A flow of warmer-than-average waters from the Pacific Ocean is one of the reasons why Hurricane Patricia grew into the strongest storm ever recorded in the Western Hemisphere. It's also one of the reasons Canadians may be in for a more mild winter this year.

El Nino is a pool of warm ocean water that's driven from a change of winds, normally blowing from east to west, but now blowing from the west to the east.

The warm water is driven across the Pacific Ocean, from Indonesia to the coast of South America, Environment Canada Senior Climatologist Dave Phillips told CTV's Canada AM.

"Water there is up to two-and-a-half to three degrees warmer than normal," he said of the pool of warm surface water around west coast of Mexico. "It's like a hot tub out there."

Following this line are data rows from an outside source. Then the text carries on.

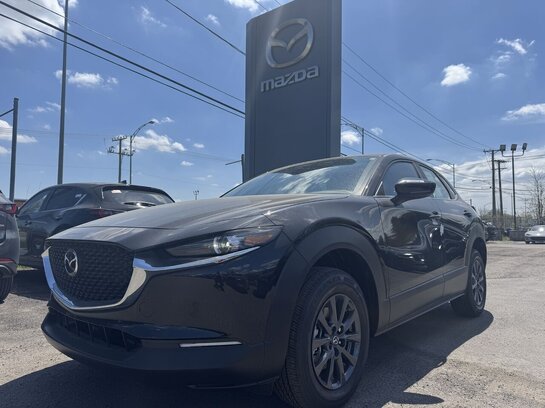 MAZDA CX-30 GS 2025 Noir de jais mica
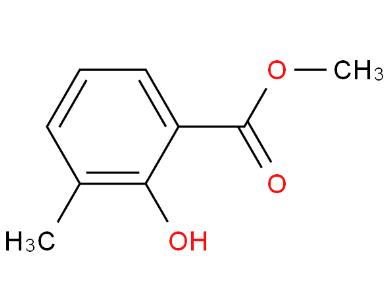 2-羟基-3-甲基苯甲酸甲酯,3-methylsalicylic acid methyl ester;methyl 2-hydroxy-3-methylbenzoate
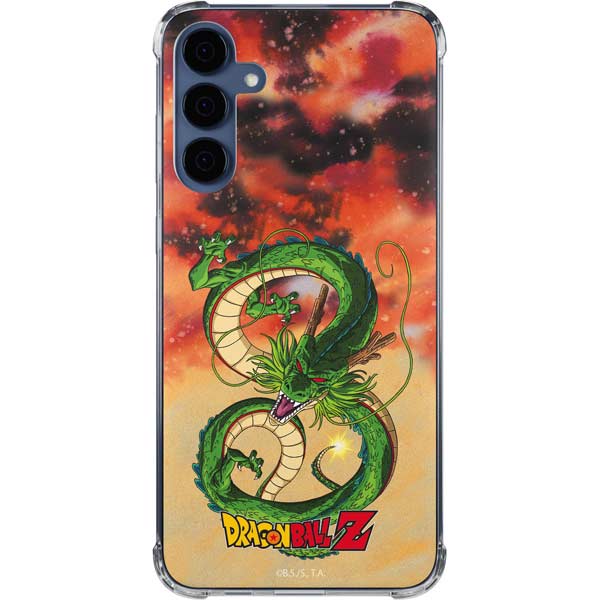 Dragon Ball Z One Wish Shenron Galaxy A35 5G Clear Case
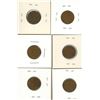 Image 2 : (6) Canadian Pennies 1947-1958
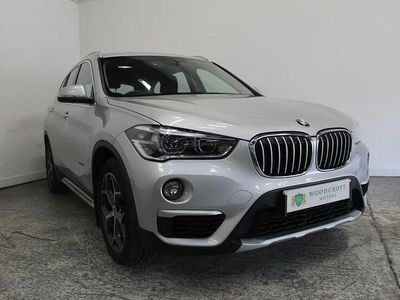 Used BMW X1 xLine 2017 Silver SUV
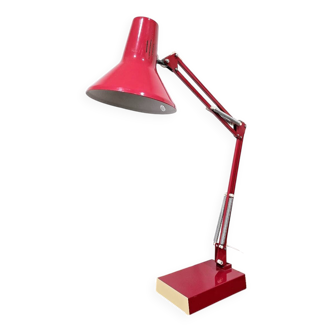 Lampe de table d'architecte des années 1970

Phillips said El Nino's warmer water connects to the atmosphere, causing weather "mayhem" across the world, but in a "very predictable way." El Ninos occur at irregular intervals of two to seven years, and typically last between nine months to two years, according to the U.S. National Weather Service.

Forecasters are predicting that El Nino's effects will also be felt across Canada this winter, resulting in fewer bristling cold days. 

"It typically doesn't arrive for us until late fall and winter. But unlike the rest of the world, it does create, perhaps for some people, a good news story," Phillips said. "If you don't like your winters tough, El Nino does bring balmier-than-normal weather."

Phillips said, while there's no guarantee, El Ninos of the past have been associated with mild and warmer-than-normal winters. This may come as a relief for Canadians living in the central and eastern parts of the country, who suffered through a brutally cold and long winter last year.

"For us, wait for a couple of months, and we'll clearly see some warm Pacific breezes instead of Arctic air," he said.

Meanwhile, El Nino certainly played a role in intensifying Hurricane Patricia, Phillips said.

Last Wednesday at 10 p.m. ET, Patricia was deemed a tropical storm, with winds of approximately 105 km/h.

"Then it came over the warm waters of El Nino and it was like a shot of adrenaline, or a shot of steroids," he said. "It just absolutely exploded."

By 4 a.m. ET on Friday, Patricia's winds were measured at 322 km/h, a record for hurricanes

Phillips said, because of the warm waters, Patricia went from a "mediocre" storm to "almost a monster" in a very short period of time.

"It was really El Nino that gave it the fuel, the octane to make this a powerful storm," he said.

Patricia is the ninth Category 5 storm of 2015, which is a tie for the second most on record in a year, meteorology director of the Weather Underground Jeff Masters told The Associated Press. A Category 5 storm is a storm with winds of 252 km/h or higher.